**PROBLEM TO SOLVE**
Make an exact copy of the data below, leaving out every picture.

**DATASET EXTRACT**
>>>
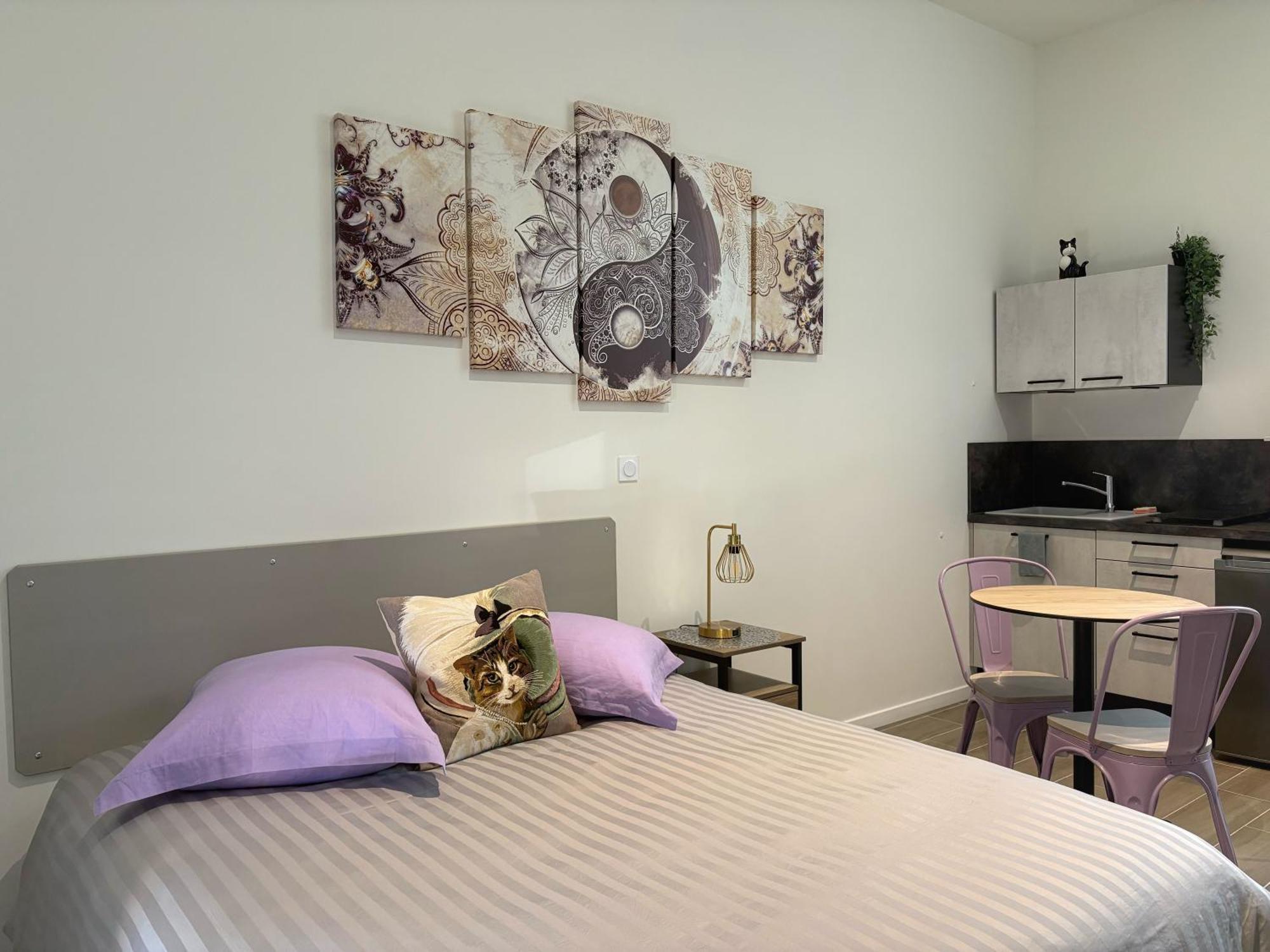 Nuitzen Apartment Boyer Exterior photo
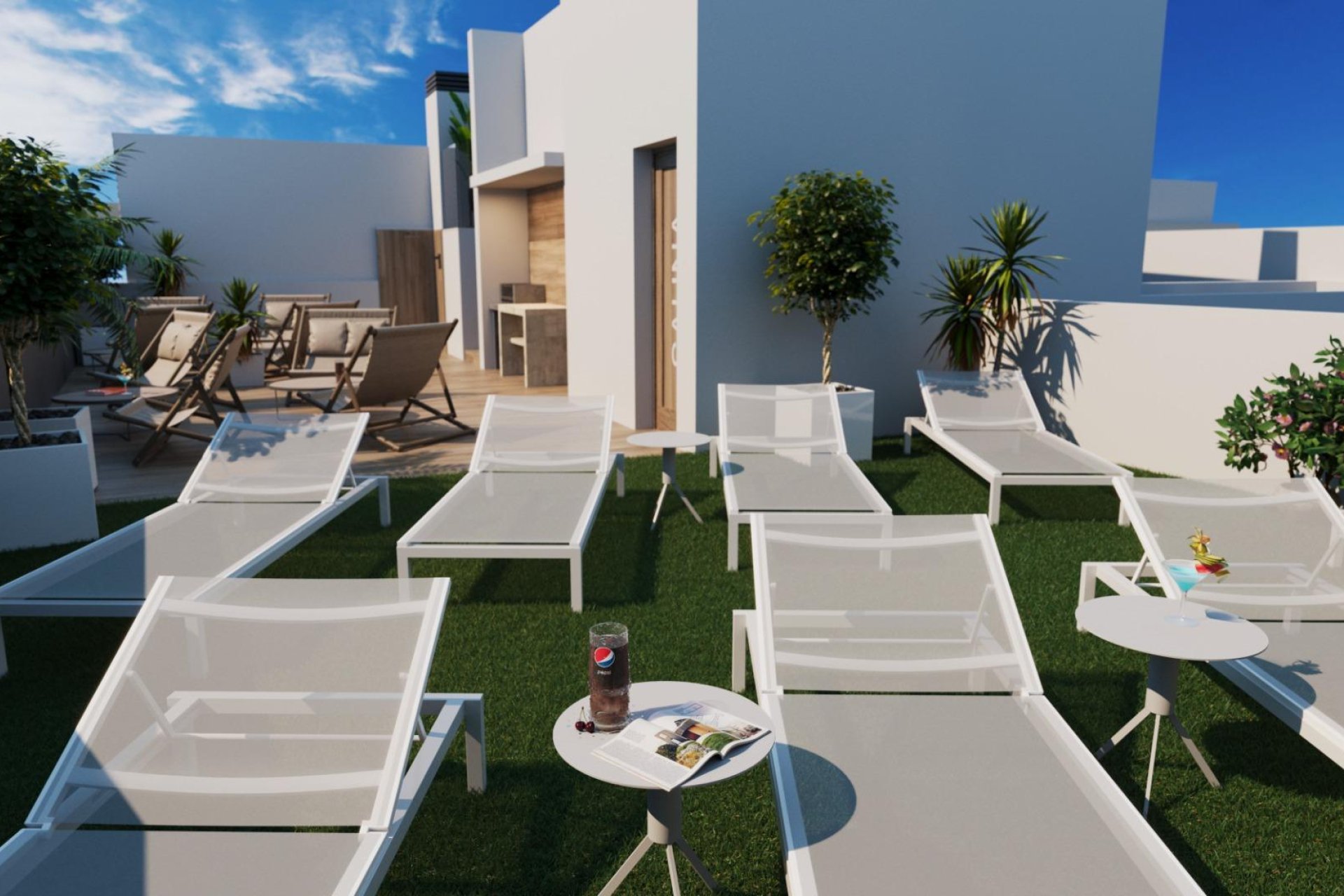 Nýbygging - Íbúð -
Torrevieja - Centro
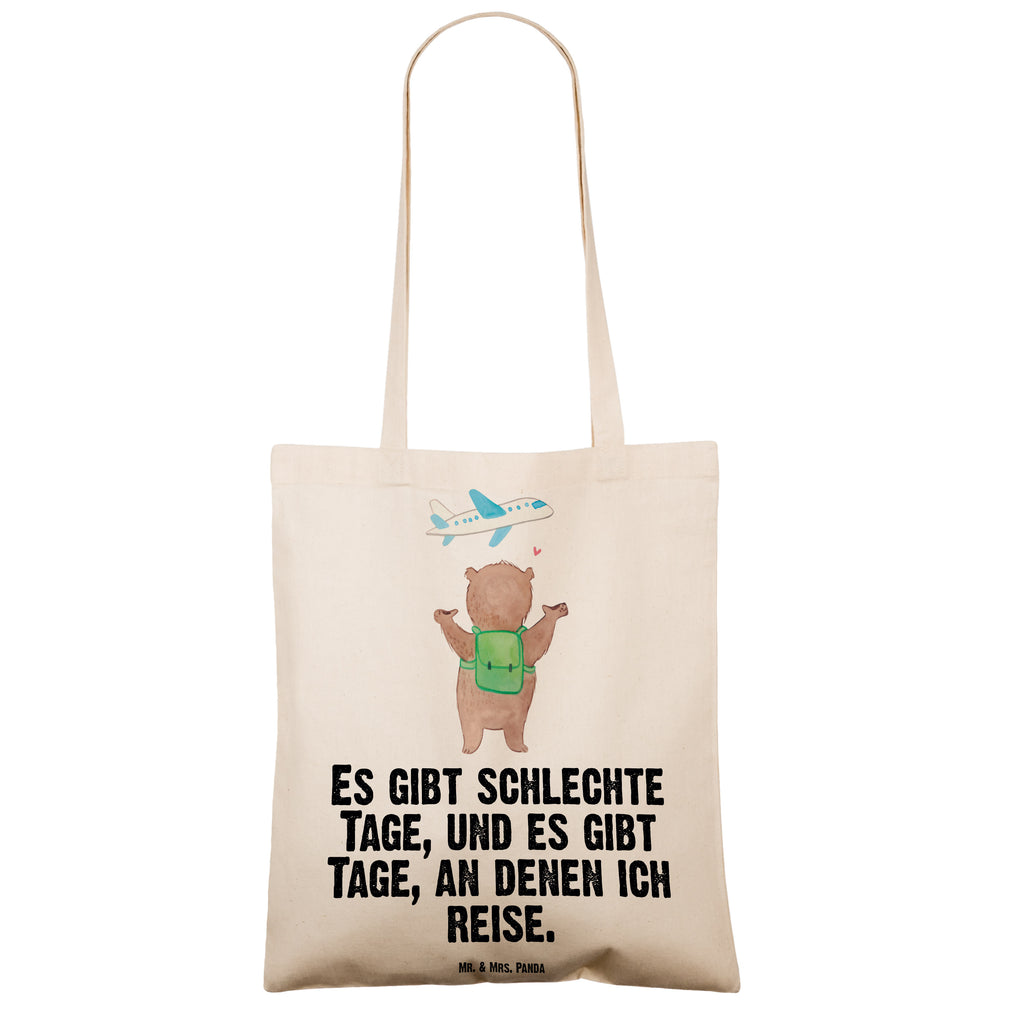 Tragetasche Bär Reisen Tage Beuteltasche, Beutel, Einkaufstasche, Jutebeutel, Stoffbeutel, Geschenk, Sport, Sportart, Hobby, Schenken, Danke, Dankeschön, Auszeichnung, Gewinn, Sportler, Reisen, Weltreise, Urlaub, Urlaube, Auslandsjahr, Austauschjahr, Schüleraustausch, Reisegruppe, Reiseveranstalter, Reisebüro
<<<
**TASK RESPONSE**
 Nuitzen Apartment Boyer Exterior photo
 Nýbygging - Íbúð -
Torrevieja - Centro
 Tragetasche Bär Reisen Tage Beuteltasche, Beutel, Einkaufstasche, Jutebeutel, Stoffbeutel, Geschenk, Sport, Sportart, Hobby, Schenken, Danke, Dankeschön, Auszeichnung, Gewinn, Sportler, Reisen, Weltreise, Urlaub, Urlaube, Auslandsjahr, Austauschjahr, Schüleraustausch, Reisegruppe, Reiseveranstalter, Reisebüro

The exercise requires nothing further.